Hungarian LSC website


We provide up-to-date informations as well as education and outreach materials for the Hungarian public about the LIGO Scientific Collaboration, its discoveries, and gravitational-wave astrophysics in general. The website is available in Hungarian under url ligo.elte.hu.




 Screenshot of the ligo.elte.hu website





LSC-Virgo Meeting in Budapest


Between 19-24 September 2009, the fall LSC-Virgo Meeting was held at Loránd Eötvös University, Budapest. More than 180 scientist from all over the world visited the conference, and participated in its programs. The EGRG group was responsible for organizing and managing all scientific and social programs, public outreach events, conference infrastructure, as well as participant accommodation, catering, and transportation. We also managed to provide an online EVO broadcast of the event for remote participants around the world, throughout the whole meeting. The event was followed by the public through the Hungarian press and media with a high enthusiasm.


The website of the conference, including event photos, is available HERE




 The September 2009 LSC-Virgo Meeting at the Eötvös University, Hungary



A face-to-face meeting on the LSC-Virgo Meeting at the Eötvös University, Hungary






ASPERA participation


Following the efforts of Zsolt Frei Hungary has joined ASPERA-2 on the 1st of September, 2009. ASPERA is an ERANET for Astro-particle-physics. Frei negotiated terms and is participating in meetings as representative of Hungary. His aim is to keep gravitational wave physics among the topics of common calls in scientific funding.


ASPERA works on about 6 key topics within astroparticle, one being gravitational-wave physics, and another aspect being outreach. The first ASPERA organized outreach effort took place in October, 2009.


The 16th ASPERA National Day was held in Hungary on 15 October 2010. Invited by the National Office for Research and Technology (NKTH), representatives of the ASPERA network, the Hungarian science funding system and astropraticle physics research have conferred in Budapest, Hungary. On this conference, the EGRG group was represented by Zsolt Frei, group PI, and Peter Raffai, who gave an overview talk on the scientific activities and results of the EGRG group. 

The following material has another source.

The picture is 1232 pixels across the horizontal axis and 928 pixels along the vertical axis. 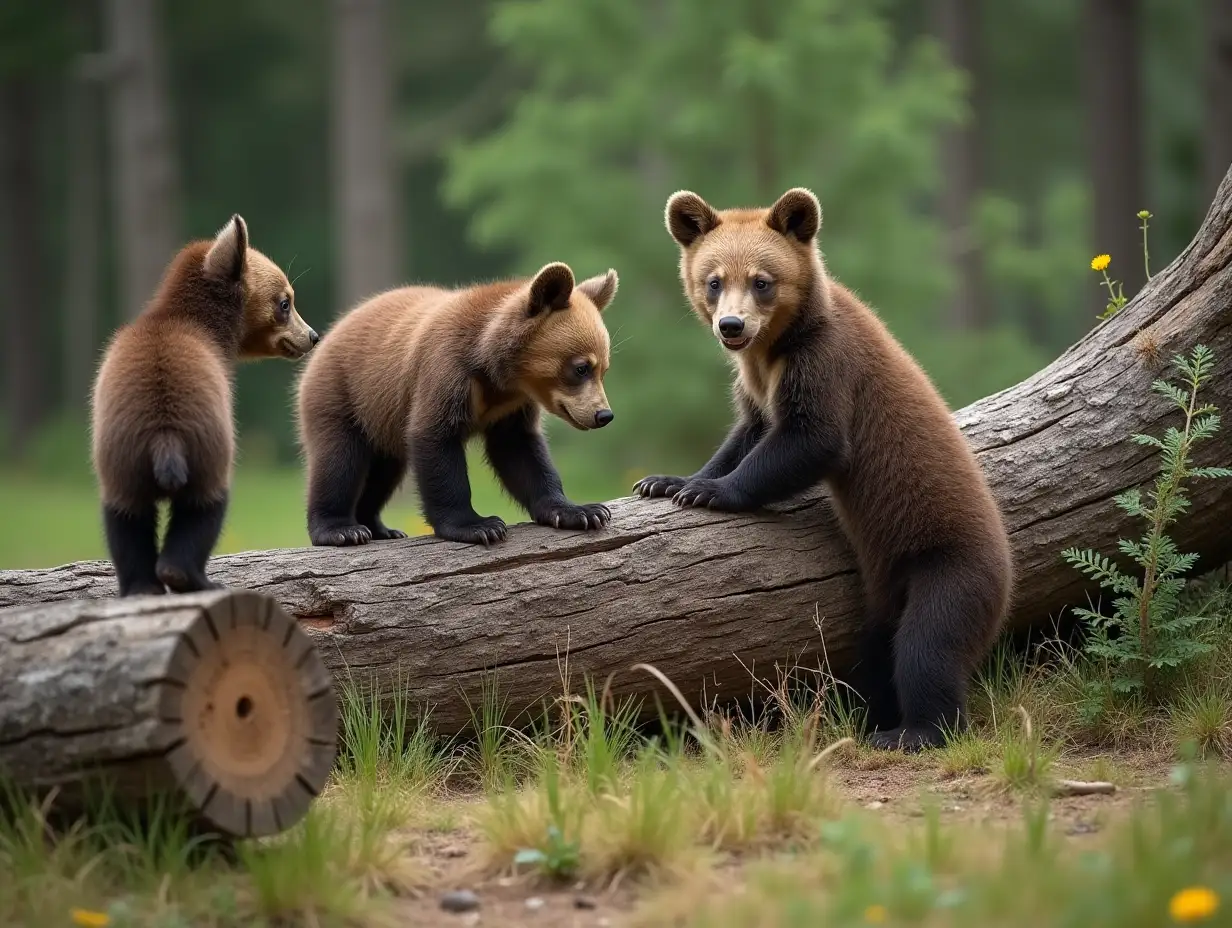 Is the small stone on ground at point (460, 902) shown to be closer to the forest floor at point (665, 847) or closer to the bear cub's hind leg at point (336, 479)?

16th ASPERA National Day, Budapest, Hungary. From left to right: Zsolt Frei, EGRG group PI, Vilmos Németh from the National Office for Research and Technology (NKTH), and Thomas Berghöfer, ASPERA coordinator





TV movie "Wavehunters/Hullámvadászok"


A television production company taped and completed a TV movie about astrophysics, with heavy emphasis on gravitational-wave physics, the Eötvös Gravity Research Group, and LIGO itself. The 42 minute full-HD program was first broadcasted on the 27th of August, 2010, on the Hungarian Public Television (Magyar Televízió, MTV 2).




Screenshot from the movie "Wavehunters/Hullámvadászok", with Zsolt Frei explaining the basics of gravitational-wave detection at the GEO600 detector site




Prof. Rainer Weiss, co-founder of LIGO, speaks about the unprecedented

sensitivity of LIGO detectors in the main hall of Eötvös University

(picture taken from the movie "Wavehunters/Hullámvadászok") 







Peter Raffai teaches a course for MSc students in the spring semesters at Loránd Eötvös University, Budapest, titled as "Gravitational-wave Astrophysics”. The class is taught in Hungarian, and gives an overview of gravitational-wave physics, hardware and software instrumentation at LIGO, and the basics of detector characterization and data analysis. Besides listening to lectures, participating MSc students prepare oral presentations or overview documents on selected topics, and are also required to take an oral exam. The website of the course (in Hungarian), including its syllabus is available HERE.


Peter Raffai is also responsible for an infrasound laboratory course held for environmental physicist students at Eötvös University. During the course students are familiarized with LIGO, infrasound, and the fundamentals of signal processing techniques. After the course students are expected to produce a report on the measurements they performed with our self-designed infrasound microphone. We provided a simple web page (in Hungarian) to facilitate the signal processing needed to complete the report. 


Zsolt Frei teaches two classes at Loránd Eötvös University, Budapest, titled “Extragalactic Astrophysics I and II”. The second semester includes 4 weeks of lectures about gravitational waves. Syllabus included (a) history and overview of observational proofs of General Relativity; (b) GR foundations of gravitational waves; (c) past (mass resonators), current (LIGO), and future (LISA) detectors; and (d) astrophysical sources of gravitational waves.